In a fact sheet issued on April 25, 2024, the White House touted several actions it said will streamline permitting for transmission system projects and help overcome financial hurdles facing some of the work. Specifically, it noted applications had closed for up to $2.7 billion in Department of Energy (DOE) grant funding under the second round of the Grid Resilience and Innovation Partnerships (GRIP) program for projects to upgrade and modernize the transmission and distribution (T&D) system in an effort to increase reliability and resilience. This was in addition to $3.46 billion in projects selected for grid upgrades in October 2023.
Among recently completed projects featured in the fact sheet was the Ten West Link transmission line from Arizona to California, which the White House said would unlock more than 3,200 MW of capacity from solar projects. Construction of the project was approved by the Department of the Interior in 2022 and it began transmitting electricity on April 25, 2024.
Meanwhile, the DOE announced up to $331 million for a new transmission line to be built from Idaho to Nevada. The Southwest Intertie Project-North, as the project is called, will be a 285-mile transmission line, bringing more than 2,000 MW of needed transmission capacity to the region, according to the fact sheet.
Cutting Red Tape
Yet, one of the biggest hurdles for many projects is the approval process, which can take several years. With that in mind, the admistration has taken steps in an effort to speed things up. Among the actions is a final rule issued by the DOE to create a faster track for completing environmental reviews of upgrades to existing transmission lines. The rule creates a categorical exclusion, the simplest form of review under the National Environmental Policy Act, for projects that use existing transmission rights of way, such as reconductoring projects, as well as for solar and energy storage projects on already disturbed lands.

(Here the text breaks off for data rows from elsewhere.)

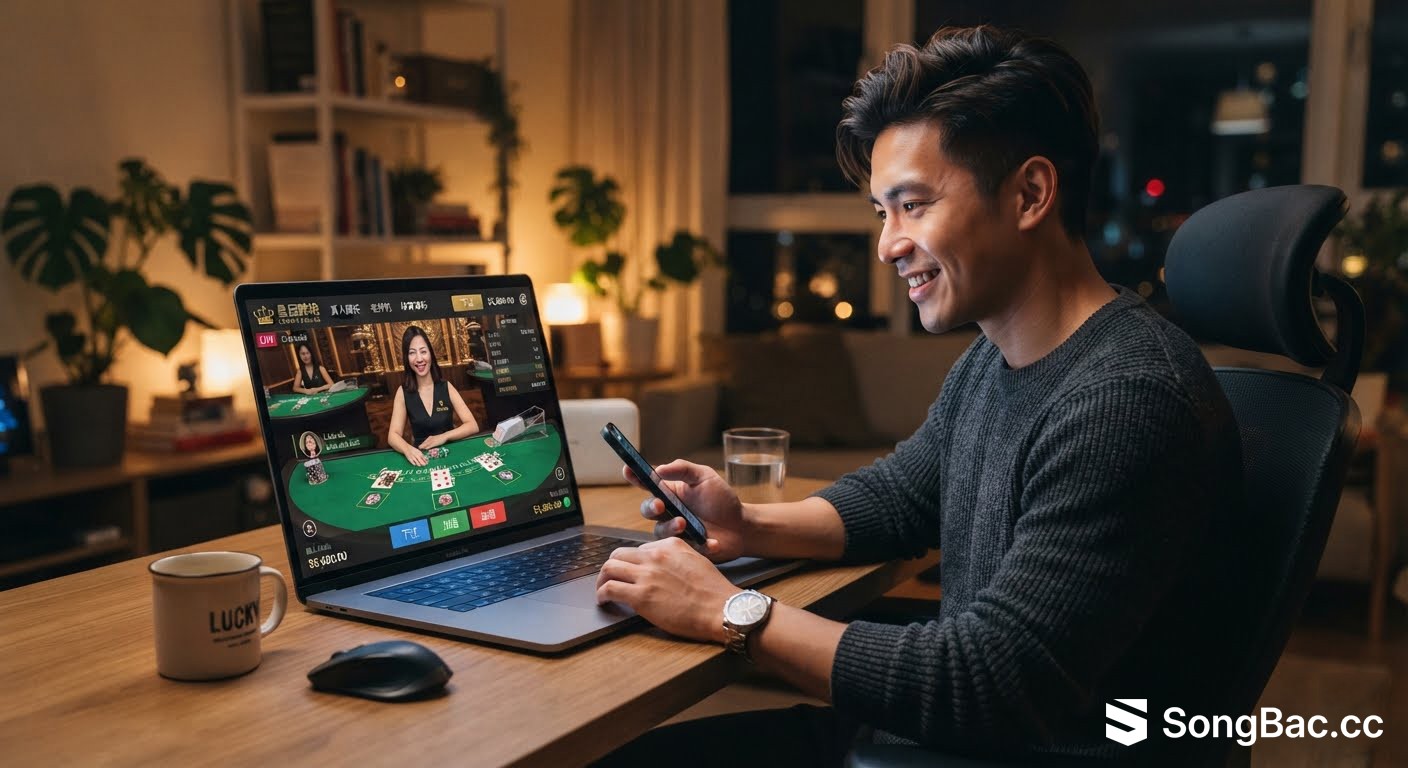 sòng bạc online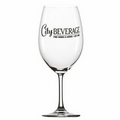 Stolzle Crystal Bordeaux Wine Glass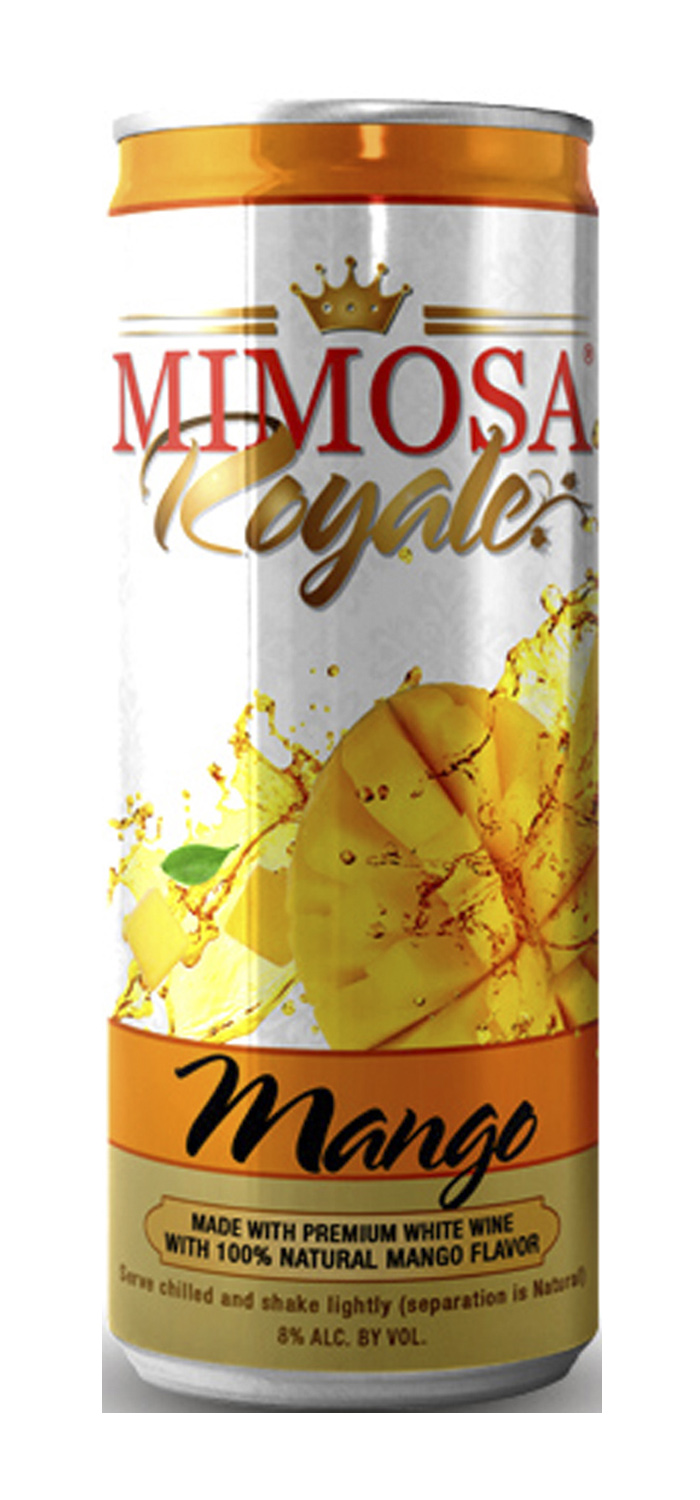 Mimosa Royale - Mango - 50 GCW by Wine Pleasures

The DOE also released a final rule designed to make federal permitting of new transmission lines more efficient. The rule establishes the Coordinated Interagency Transmission Authorization and Permits (CITAP) program, which aims to improve coordination across agencies, create efficiencies, and establish a standard two-year timeline for federal transmission authorizations and permits (Figure 1). The White House said, “The CITAP program gives transmission developers a new option for a more efficient review process, a major step to provide increased confidence for the sector to invest in new transmission lines.”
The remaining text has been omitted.